**Activity:** Down to the last line, set down the listing below exactly, apart from its pictures.

** Input data follows **

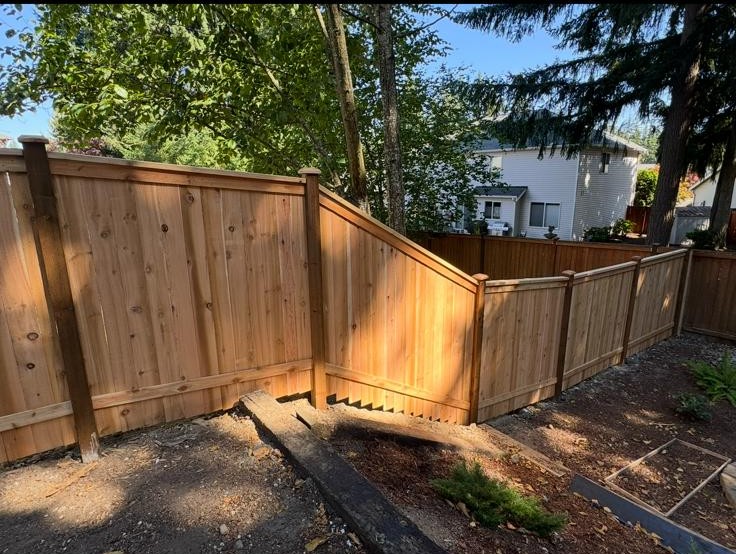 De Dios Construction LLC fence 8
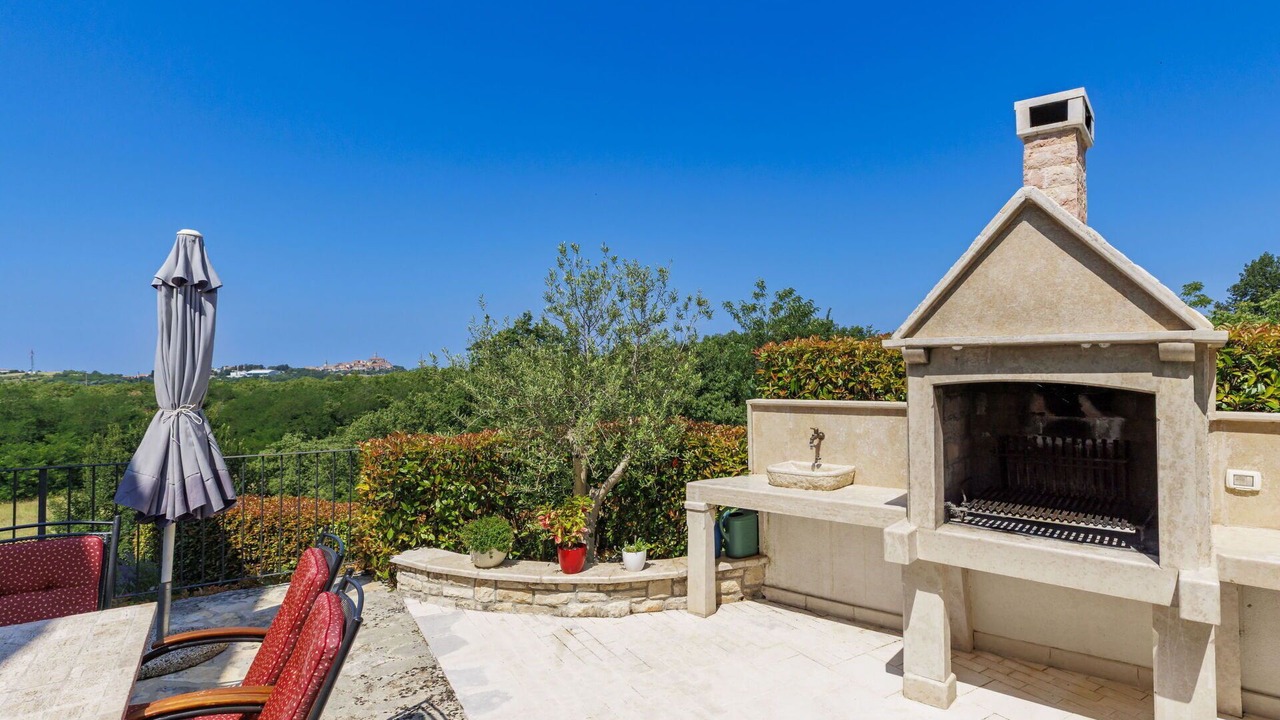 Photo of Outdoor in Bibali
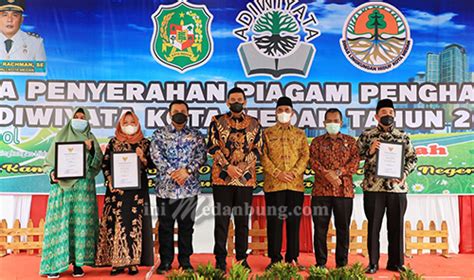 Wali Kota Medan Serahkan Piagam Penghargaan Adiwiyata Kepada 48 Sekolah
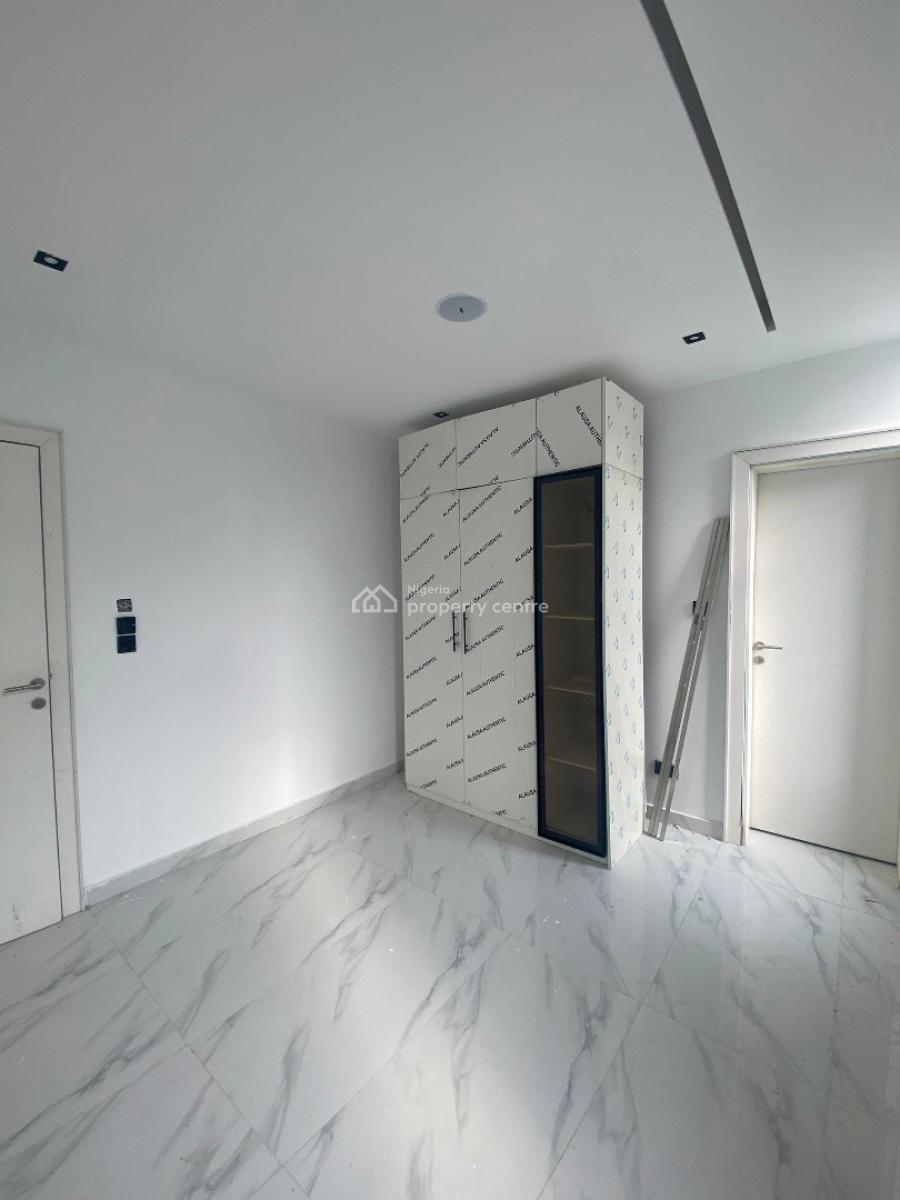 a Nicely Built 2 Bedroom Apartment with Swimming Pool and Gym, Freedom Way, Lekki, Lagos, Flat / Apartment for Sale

** End of Input data **

**Exercise response:**
 De Dios Construction LLC fence 8
 Photo of Outdoor in Bibali
 Wali Kota Medan Serahkan Piagam Penghargaan Adiwiyata Kepada 48 Sekolah
 a Nicely Built 2 Bedroom Apartment with Swimming Pool and Gym, Freedom Way, Lekki, Lagos, Flat / Apartment for Sale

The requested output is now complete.